Examples of the phosphor include an yttrium aluminum garnet type phosphor (for example, Y ₃ (Al, Ga) ₅ O ₁₂ : Ce) and a lutetium aluminum garnet type phosphor (for example, Lu ₃ (Al, Ga) ₅ O). ₁₂ : Ce), terbium aluminum garnet-based phosphor (for example, Tb ₃ (Al, Ga) ₅ O ₁₂ : Ce) -based phosphor, silicate-based phosphor (for example, (Ba, Sr) ₂ SiO ₄ : Eu), Examples thereof include chlorosilicate-based phosphors (for example, Ca ₈ Mg (SiO ₄ ) ₄ Cl ₂ : Eu). Further, as the nitride-based phosphor, a β-sialone-based phosphor (for example, Si _6-z Al _{z Oz} N _8-z : Eu (0 <z <4.2)) and an α-sialon-based phosphor (for example, Mz (for example)) Si, Al) ₁₂ (O, N) ₁₆ (where 0 <z ≦ 2, M is a lanthanide element excluding Li, Mg, Ca, Y, and La and Ce), nitrogen-containing calcium aluminosilicate (CASN or SCASN) phosphor (e.g. _{(Sr, Ca) AlSiN 3:} . Eu) and the like general formula _{(I) Ma x Mb y Al} 3 N z: phosphor represented by Eu (provided that the general formula ( In I)), Ma is at least one element selected from the group consisting of Ca, Sr and Ba, and Mb is at least one element selected from the group consisting of Li, Na and K. , X, y and z satisfy 0.5 ≦ x ≦ 1.5, 0.5 ≦ y ≦ 1.2 and 3.5 ≦ z ≦ 4.5, respectively). Further, SGS-based phosphors (for example, SrGa ₂ S ₄ : Eu) can be mentioned. In addition, a manganese-activated fluoride-based phosphor represented by a manganese-activated fluoride-based phosphor (general formula (II) A ₂ [M _1-a Mn _a F ₆ ] (however, in the above general formula (II), A is K, At least one element selected from the group consisting of Li, Na, Rb, Cs and NH ₄ , M is at least one element selected from the group consisting of Group 4 elements and Group 14 elements, and a is 0 <a <0.2 is satisfied)). Typical examples of the manganese-activated fluoride phosphors, phosphor manganese-activated fluoride potassium silicate (e.g. _{KSF (K 2 SiF 6: Mn} )) is.

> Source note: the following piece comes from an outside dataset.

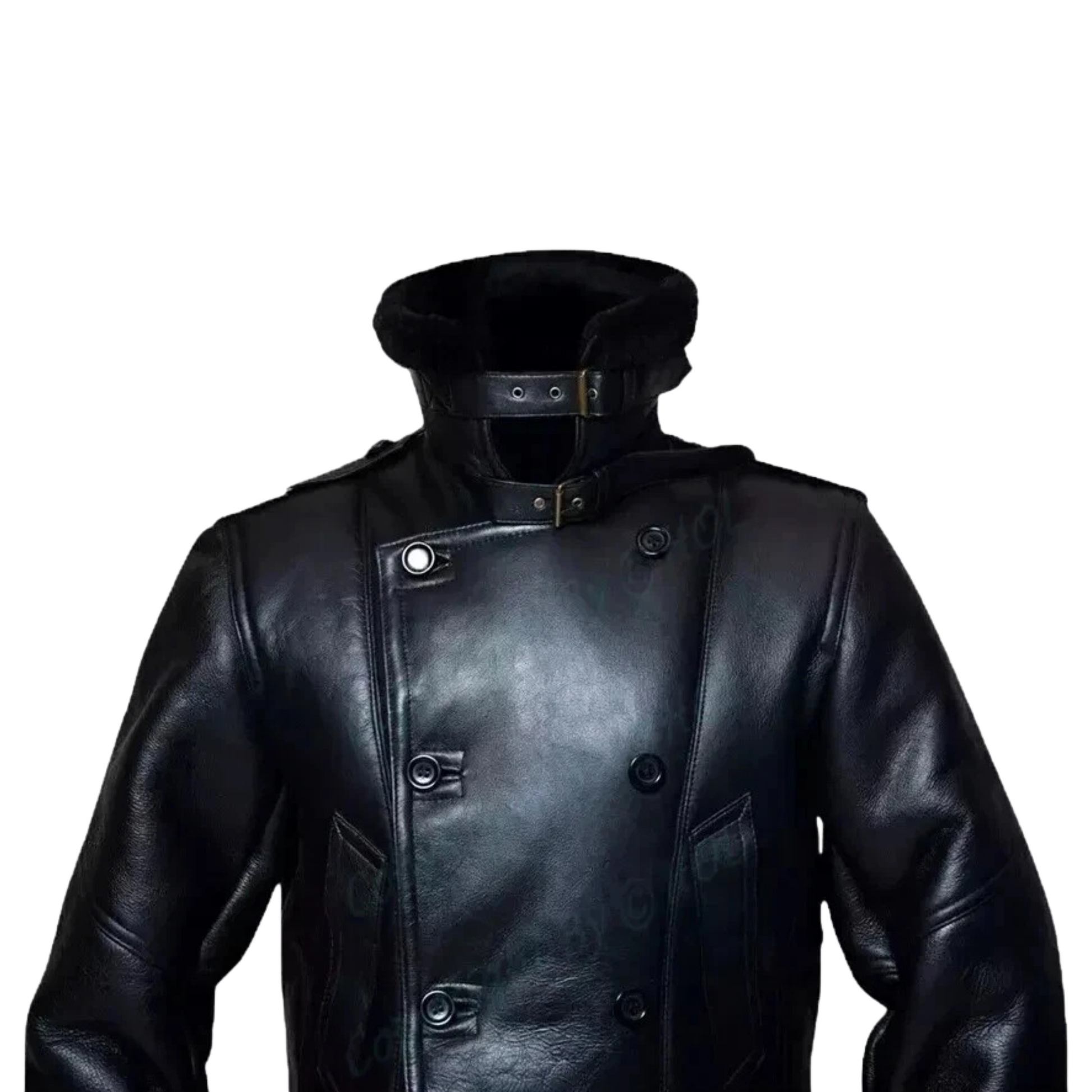 Men’s RAF Long Shearling Bomber Overcoat – Black Real Sheepskin Fur Lined Leather Jacket Bakshi Artisanal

One wavelength conversion member may contain one or more types of phosphors. The plurality of types of phosphors may be used in a mixed manner, or may be used in a laminated manner. For example, a light emitting element that emits blue-based light can be used, and as a phosphor, a β-sialone phosphor that emits green-based light and a fluoride-based phosphor such as a KSF phosphor that emits red-based light can be included. .. By using these two types of phosphors, the color reproduction range of the light emitting module can be expanded. Further, the phosphor may be a quantum dot.

The phosphor may be arranged in any way inside the wavelength conversion member. For example, the phosphors may be distributed substantially uniformly inside the wavelength conversion member, or may be unevenly distributed in a part thereof.

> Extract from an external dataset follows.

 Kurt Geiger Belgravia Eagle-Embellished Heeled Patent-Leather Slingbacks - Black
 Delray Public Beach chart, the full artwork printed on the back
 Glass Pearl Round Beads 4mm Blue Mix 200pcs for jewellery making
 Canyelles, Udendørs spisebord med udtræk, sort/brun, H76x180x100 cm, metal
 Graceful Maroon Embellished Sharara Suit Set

The wavelength conversion member may contain a light diffusing substance. Examples of the light diffusing substance include fine particles such as _{SiO 2} , TiO ₂ , Al ₂ O _{3, and ZnO.}

The thickness of the first wavelength conversion member can be 5 μm to 200 μm. Further, the thickness of the second wavelength conversion member can be the same as that of the semiconductor laminate. Further, the thickness of the second wavelength conversion member can be made thicker than the thickness of the semiconductor laminate.

The thickness of the second wavelength conversion member can be the same as that of the semiconductor laminate. In this case, the second surface and the electrodes of the semiconductor laminate are exposed from the second wavelength conversion member. When the light emitting device includes the second phototuning member, the second phototuning member can cover the second surface of the semiconductor laminate and the side surface of the electrode.

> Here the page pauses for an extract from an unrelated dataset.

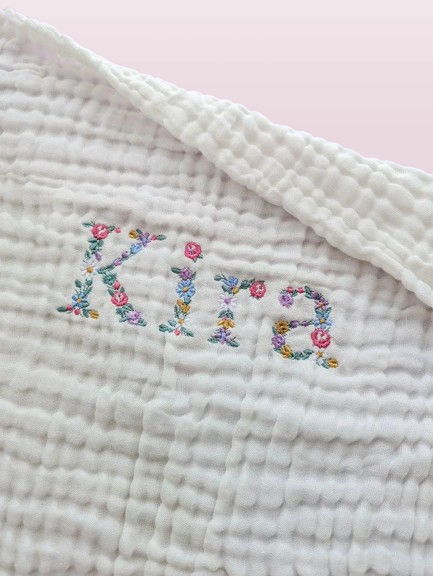 Floral Swaddle Blanket for Girls - Custom Embroidered Name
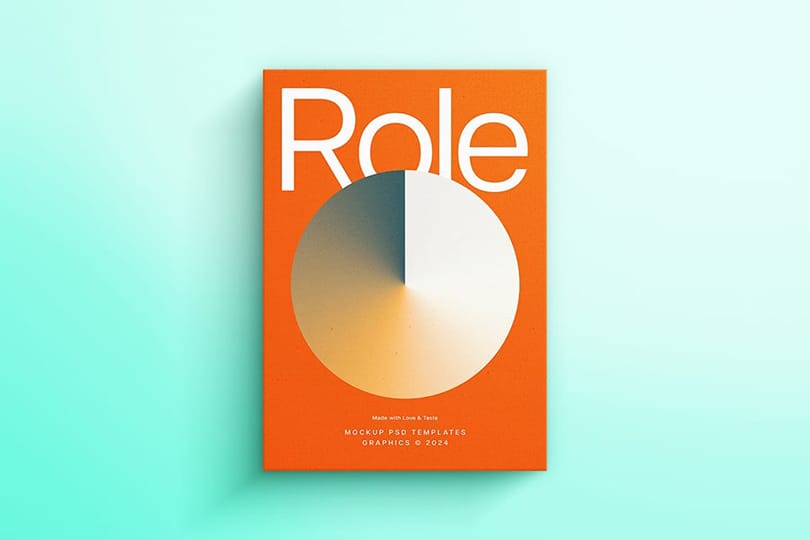 Role Bold Retro Brand A3 Poster Mockup with Bold Mint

Further, the thickness of the second wavelength conversion member can be made thicker than the thickness of the semiconductor laminate. In this case, the side surface and the second surface of the semiconductor laminate are covered with the second wavelength conversion member.

Alternatively, the thickness of the second wavelength conversion member can be made thinner than the thickness of the semiconductor laminate. In that case, a part of the side surface and the second surface of the semiconductor laminate are exposed from the second wavelength conversion member. When the light emitting device includes the second phototuning member, the side surface and the second surface of the semiconductor laminate can be covered with the second phototuning member. That is, since the thickness of the second phototuning member can be increased, it is possible to reduce the leakage of light from the lower surface side of the light emitting device.

(Light adjustment member / 1st light adjustment member / 2nd light adjustment member)
The light adjusting member (first light adjusting member or second light adjusting member) is arranged on the wavelength conversion member. The light adjusting member preferably has a function of reflecting a part of the light from the light emitting element. For example, it has a reflectance of 50% to 90%, preferably 60% to 80% with respect to the light emitted from the light emitting element. As the material of the light adjusting member, for example, a white resin material can be used. As the material of the light adjusting member, a white resin material is particularly preferable. Examples of the white resin material _{include resin materials containing SiO 2} , TiO ₂ , Al ₂ O ₃ , ZnO, and the like as light-reflecting substances. As the resin material, a translucent thermosetting resin material such as an epoxy resin or a silicone resin can be used.

(Pressing member)
Examples of the pressing member include a hard member such as a metal plate, ceramic, or cemented carbide. A plate-shaped pressing member can be used, and a load can be applied to a plurality of light emitting elements at the same time. Alternatively, a load can be applied to each light emitting element by using a collet or the like. Further, the load when applying the load can be, for example, 5 gf to 60 gf.

[Light emitting module]
The light emitting module includes a translucent light guide plate, a light reflective coating member, a translucent member arranged between the light emitting device and the light guide plate, and a wiring layer for supplying power to the light emitting device. Be prepared. Further, a light adjusting member, a substrate, a conductive member, a partition member and the like can be provided.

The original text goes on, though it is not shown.